In the entries that follow, the first line to write out is the one containing "The Field Design tile on the Meetings page.", and the last is the one containing "Líquido Limpiaparabrisas Würth Azul 5L". Reproduce that stretch exactly, with nothing before or after it.

> PROVIDED RECORDS:
* * *

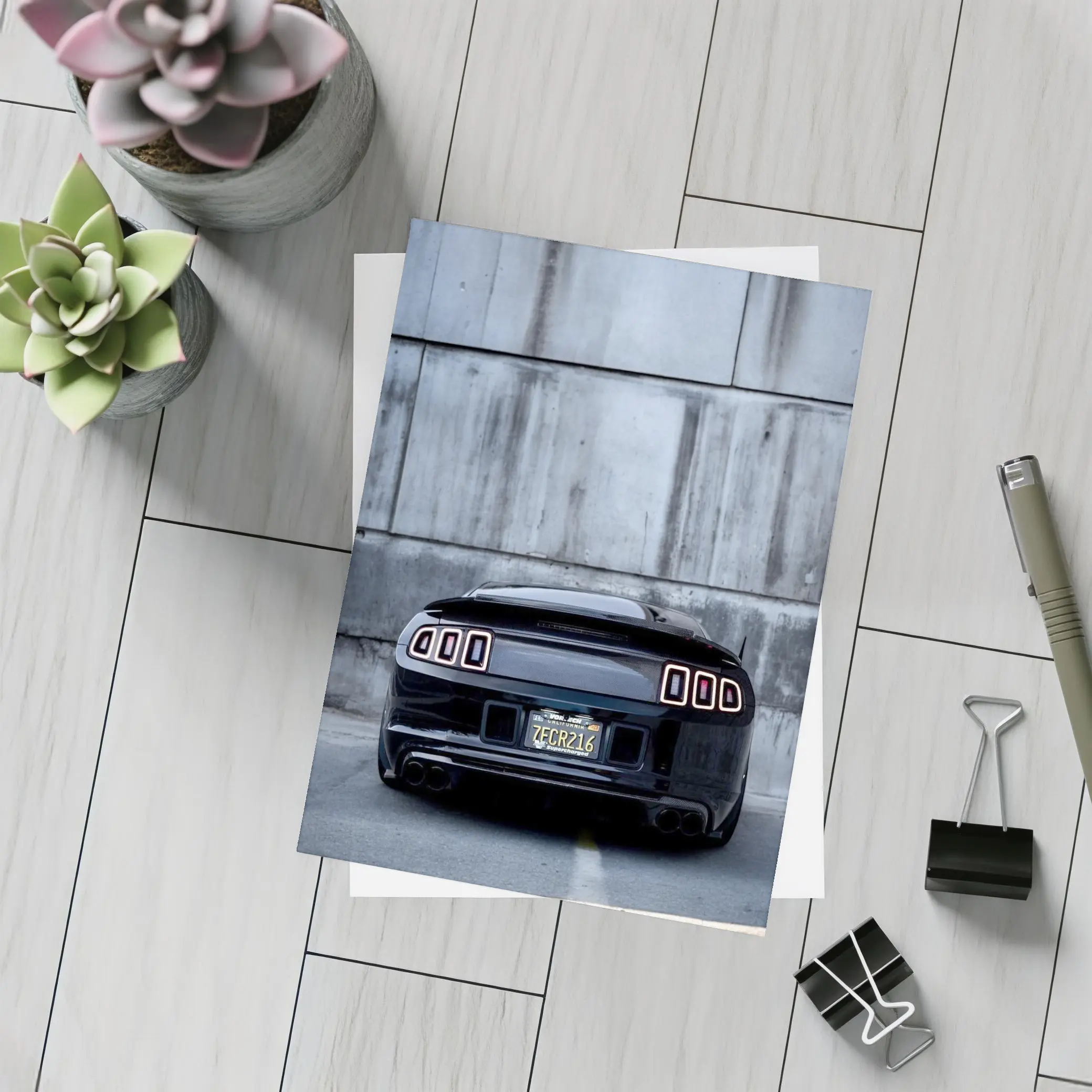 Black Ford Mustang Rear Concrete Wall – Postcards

* * *

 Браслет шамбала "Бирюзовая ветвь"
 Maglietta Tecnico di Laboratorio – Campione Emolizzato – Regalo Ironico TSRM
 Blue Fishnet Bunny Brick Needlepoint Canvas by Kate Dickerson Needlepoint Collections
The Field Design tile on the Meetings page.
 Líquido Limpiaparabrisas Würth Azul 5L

* * *

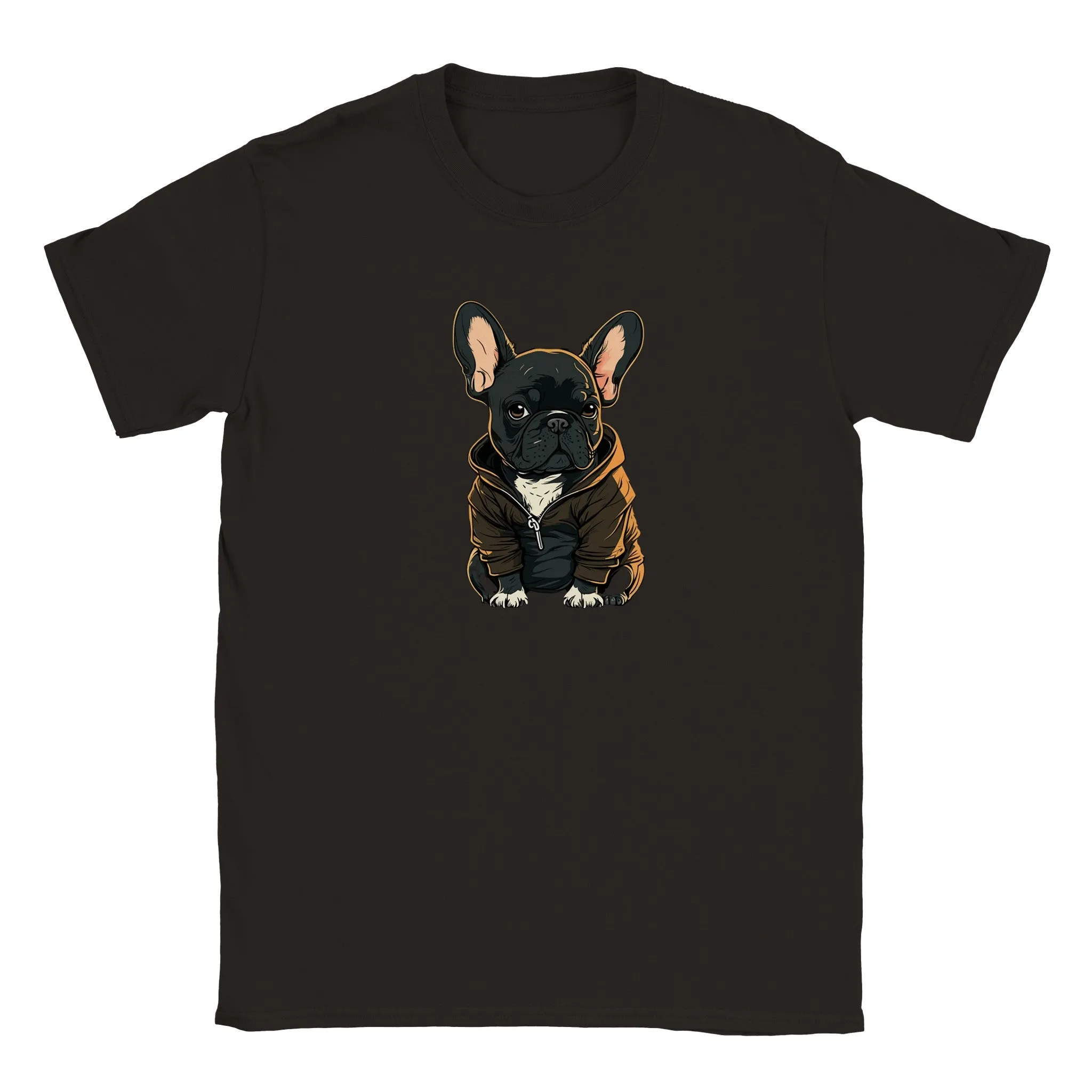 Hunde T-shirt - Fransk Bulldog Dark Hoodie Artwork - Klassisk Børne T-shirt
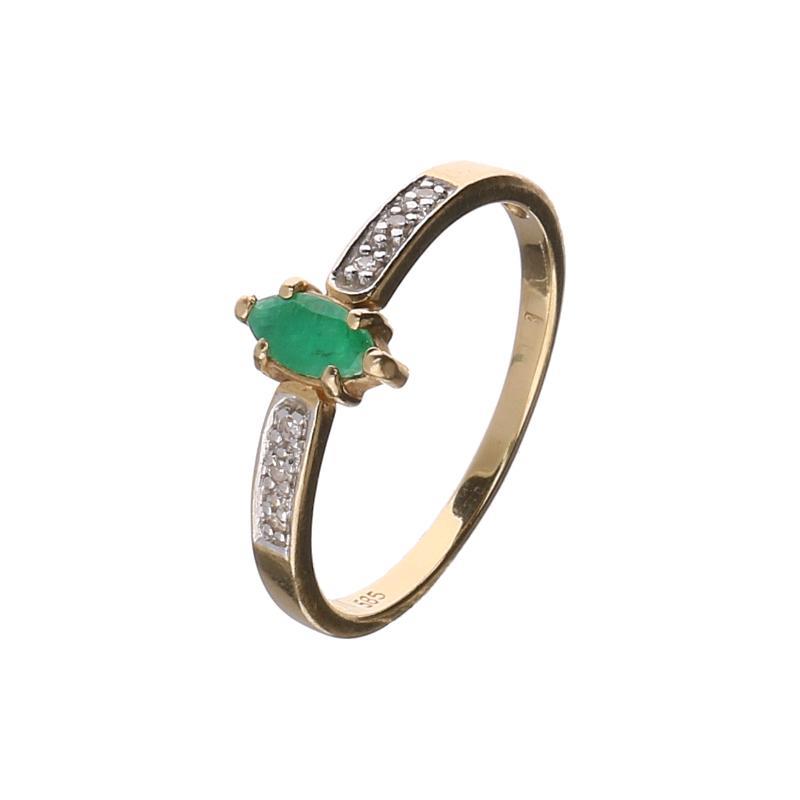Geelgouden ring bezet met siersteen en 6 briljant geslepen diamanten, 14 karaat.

* * *

> WRITTEN RESPONSE:
The Field Design tile on the Meetings page.
 Líquido Limpiaparabrisas Würth Azul 5L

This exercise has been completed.